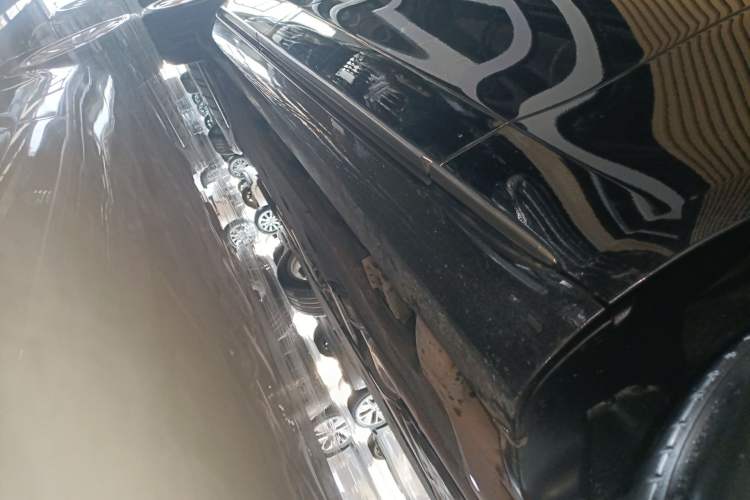 Used Mercedes-Benz S-Class 2023 Updated S 400 L Business Version Right Side Sill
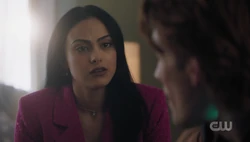 Veronica tries to convince Archie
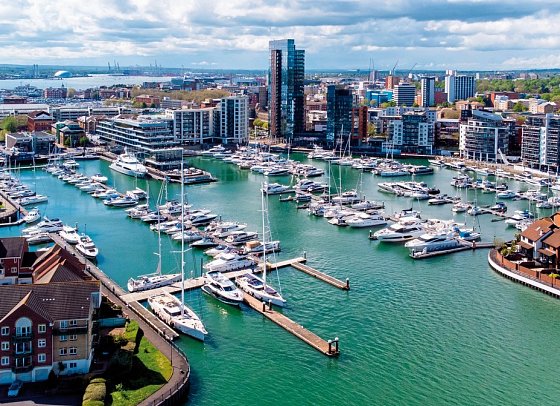 Metropolen & Südnorwegen mit AIDAnova - Southampton
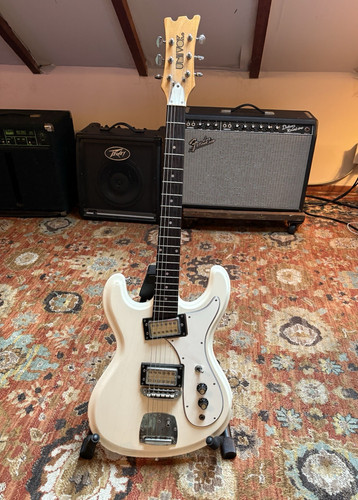Univox electric guitar - univox,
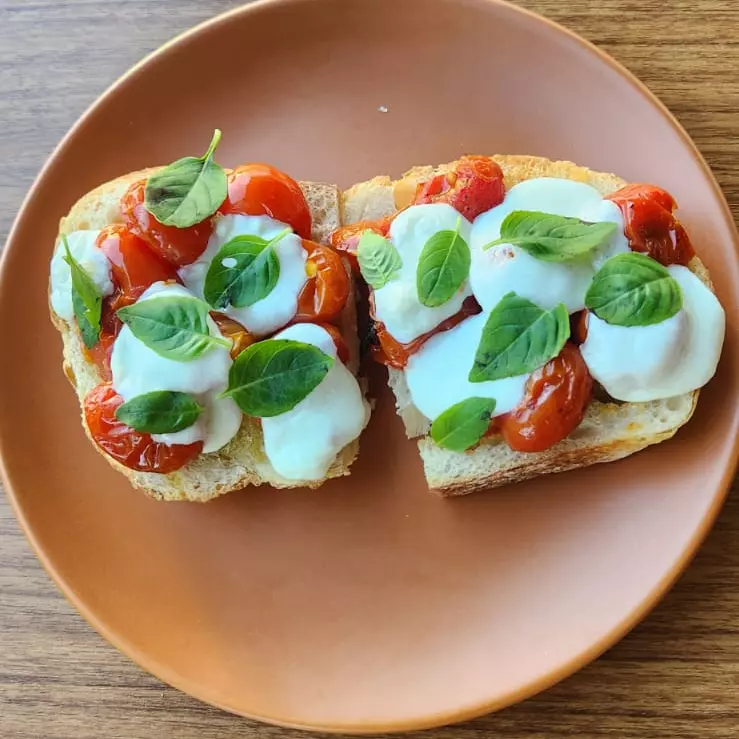 BRUSCHETTA CAPRESE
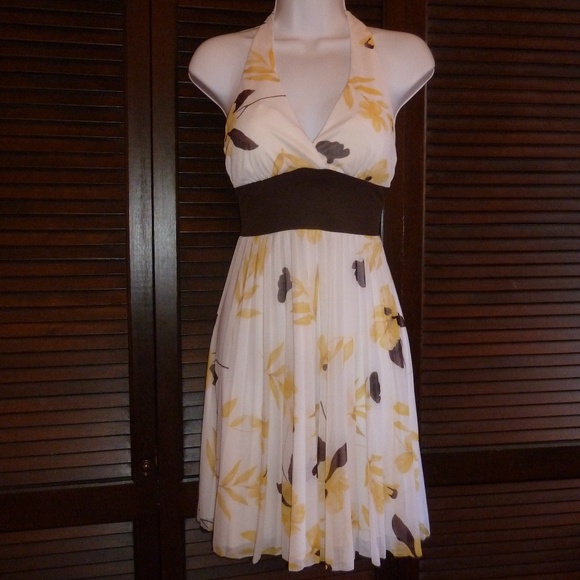 Speechless Dresses & Skirts - SPEECHLESS White Yellow Halter Dress Pleated Skirt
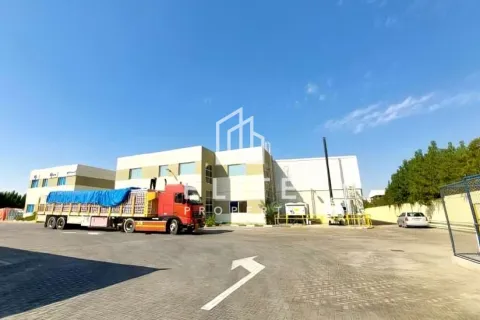 Gudang di Dubai, UAE 5478 meter persegi № 620282 - foto 3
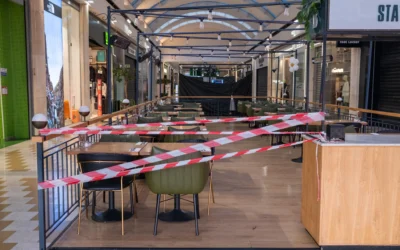 Des magasins fermés dans un centre commercial dans le contexte des restrictions liées à la guerre avec l’Iran, à Modiin, le 3 mars 2026. (Crédit : Dor Pazuelo/Flash90)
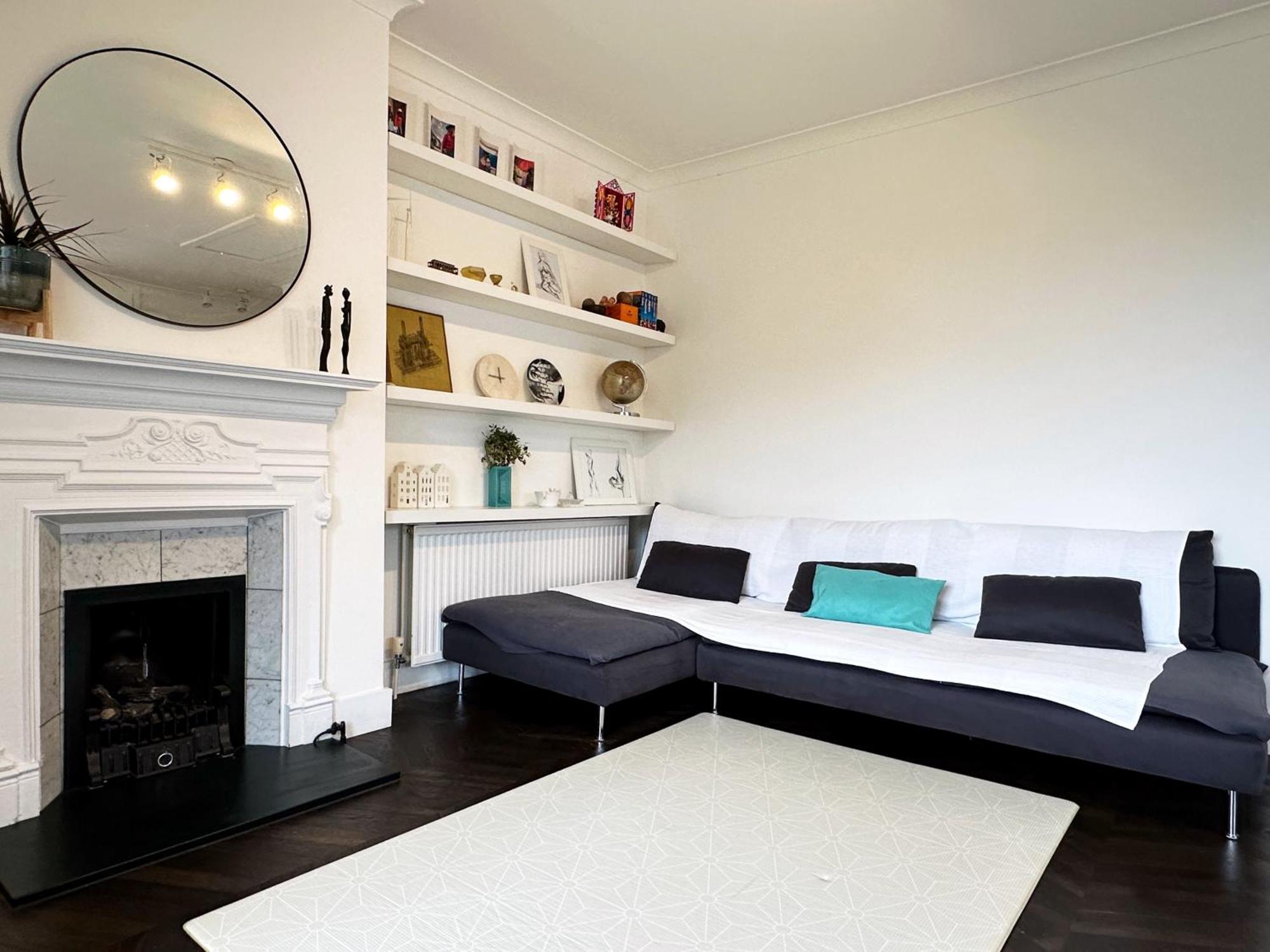 Ana's Place Near West Hampstead- 2 Double Beds, Max 4 People Londra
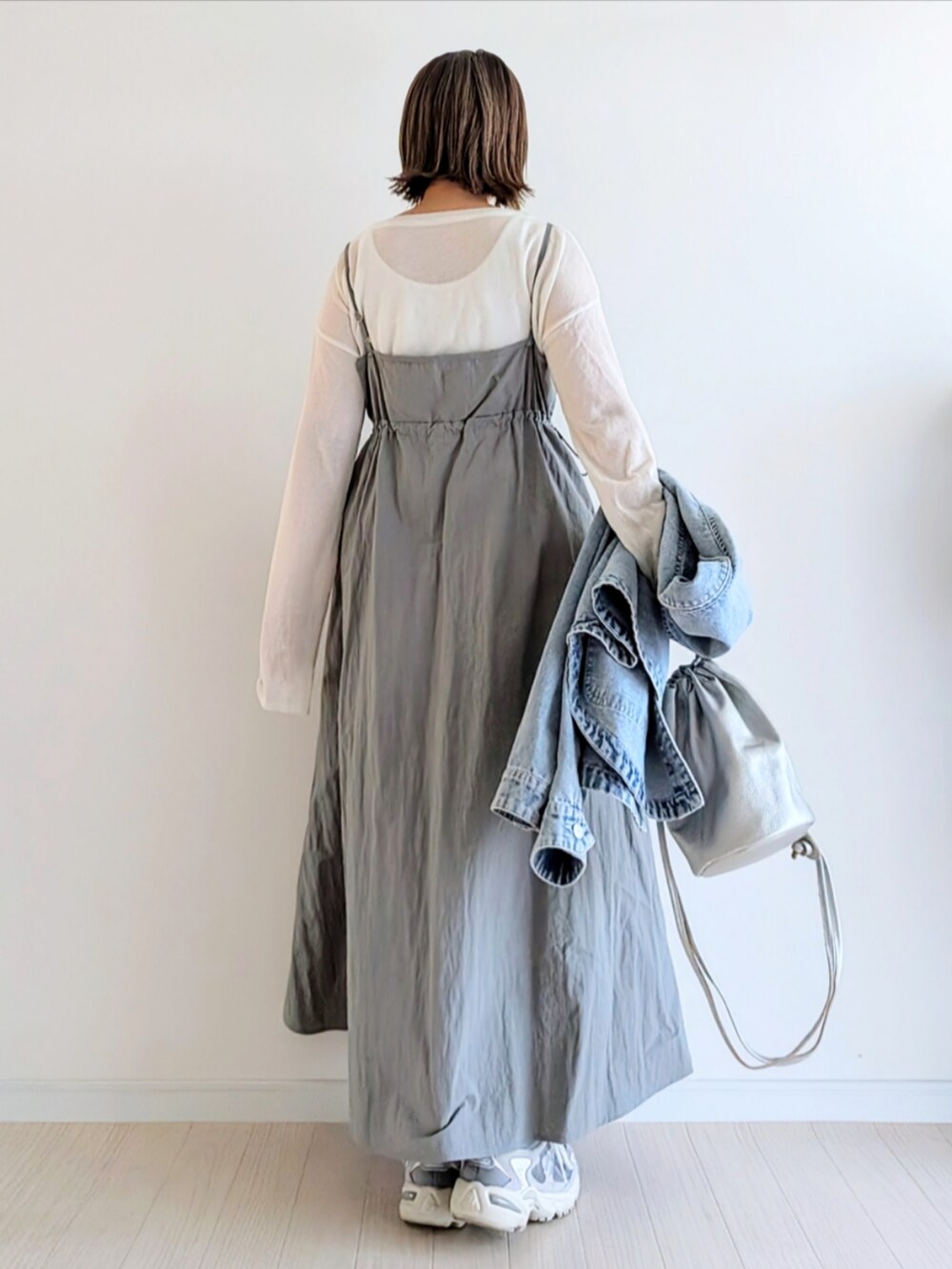グレー系のワンピース、ホワイト系のTシャツ/カットソー、ブルー系のデニムジャケットを着用したレディースの春コーディネートの3枚目の写真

Prompt: Repeat the records above exactly, from the first line through the line containing "Ana's Place Near", and leave out the pictures.

Answer to this task:
 Used Mercedes-Benz S-Class 2023 Updated S 400 L Business Version Right Side Sill
 Veronica tries to convince Archie
 Metropolen & Südnorwegen mit AIDAnova - Southampton
Univox electric guitar - univox,
 BRUSCHETTA CAPRESE
 Speechless Dresses & Skirts - SPEECHLESS White Yellow Halter Dress Pleated Skirt
 Gudang di Dubai, UAE 5478 meter persegi № 620282 - foto 3
 Des magasins fermés dans un centre commercial dans le contexte des restrictions liées à la guerre avec l’Iran, à Modiin, le 3 mars 2026. (Crédit : Dor Pazuelo/Flash90)
 Ana's Place Near West Hampstead- 2 Double Beds, Max 4 People Londra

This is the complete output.